DATA PROVIDED START

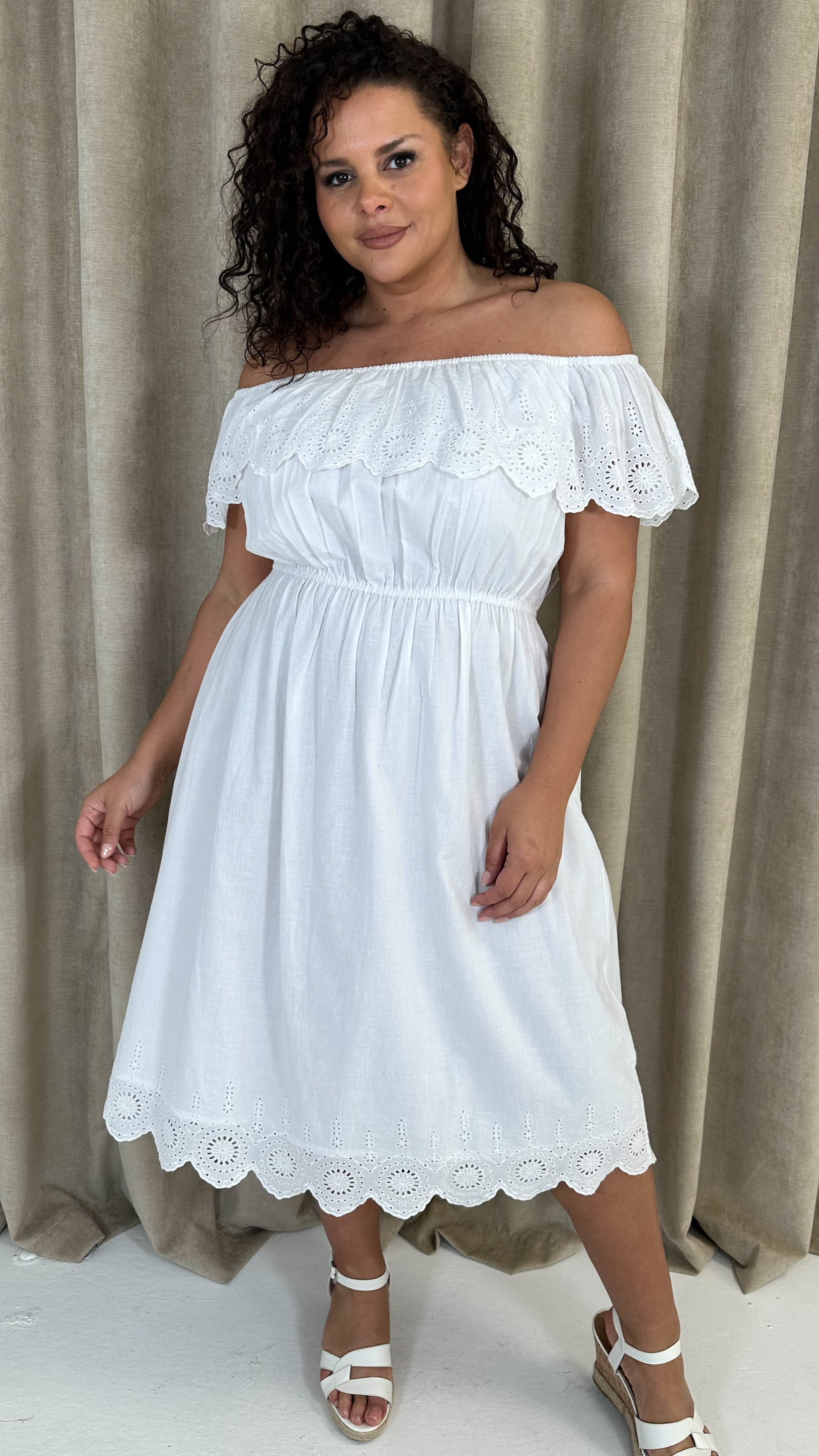 CurveWow Broderie Bardot Midi Dress White - Image 3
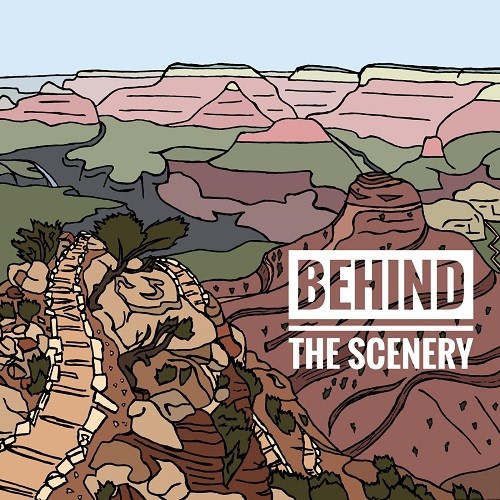 typography of red canyons and the desert with the text on the right that reads: behind the scenery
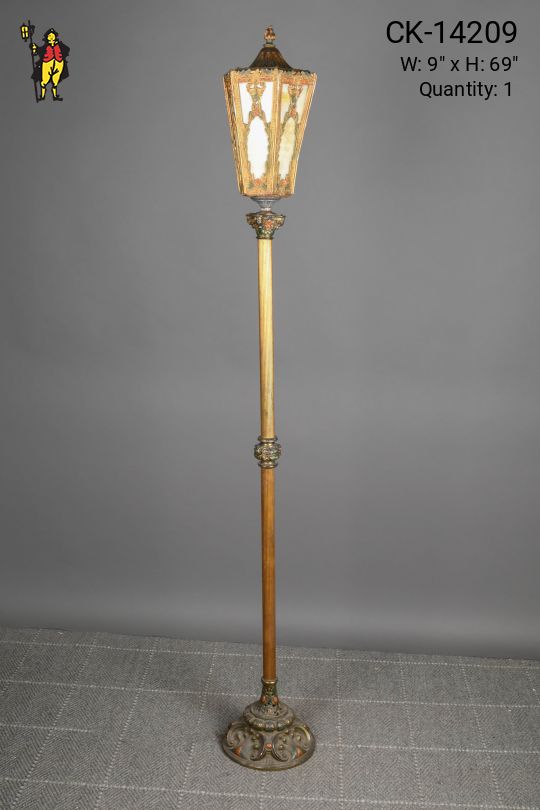 Antique Brass Standing Lantern w/Slag Glass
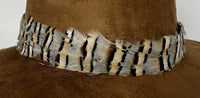 Light Brown Suede Hat with Grey Striped Feather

DATA PROVIDED END

[TASK BRIEF]: An acceptable answer consists of the lines above from the one holding "typography of red" to the end of the data, repeated exactly and containing no pictures.

[SOLUTION TO THIS PROBLEM]:
 typography of red canyons and the desert with the text on the right that reads: behind the scenery
 Antique Brass Standing Lantern w/Slag Glass
 Light Brown Suede Hat with Grey Striped Feather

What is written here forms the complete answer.